▶ **Task prompt**
Take the material below and reproduce, word for word, only the lines from the line with "Canoe Repair Kit" through the line with "Baton Rouge's economy".

[Dataset excerpts]

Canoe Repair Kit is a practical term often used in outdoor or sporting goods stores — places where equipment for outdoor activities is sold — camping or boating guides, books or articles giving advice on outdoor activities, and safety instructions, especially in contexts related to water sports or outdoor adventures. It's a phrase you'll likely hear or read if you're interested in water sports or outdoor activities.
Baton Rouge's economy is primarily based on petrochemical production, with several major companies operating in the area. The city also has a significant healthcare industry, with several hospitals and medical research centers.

[/Dataset excerpts]
[Dataset excerpts]

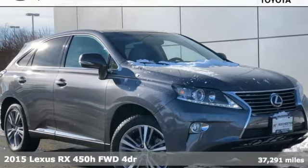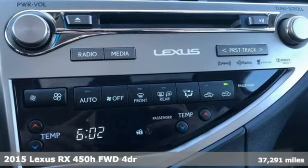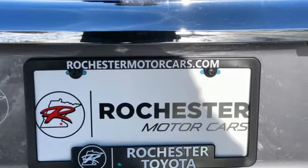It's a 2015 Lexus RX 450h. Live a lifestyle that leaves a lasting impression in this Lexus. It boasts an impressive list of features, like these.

[/Dataset excerpts]
[Dataset excerpts]

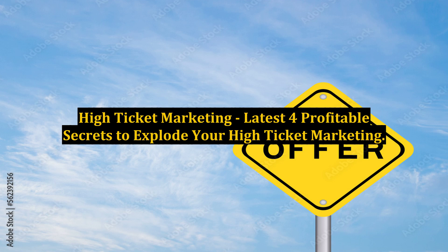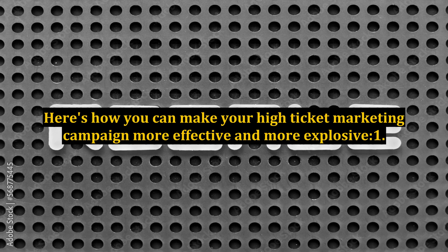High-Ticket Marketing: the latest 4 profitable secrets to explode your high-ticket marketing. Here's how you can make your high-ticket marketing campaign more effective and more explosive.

[/Dataset excerpts]

▶ **Reply to the exercise**
Canoe Repair Kit is a practical term often used in outdoor or sporting goods stores — places where equipment for outdoor activities is sold — camping or boating guides, books or articles giving advice on outdoor activities, and safety instructions, especially in contexts related to water sports or outdoor adventures. It's a phrase you'll likely hear or read if you're interested in water sports or outdoor activities.
Baton Rouge's economy is primarily based on petrochemical production, with several major companies operating in the area. The city also has a significant healthcare industry, with several hospitals and medical research centers.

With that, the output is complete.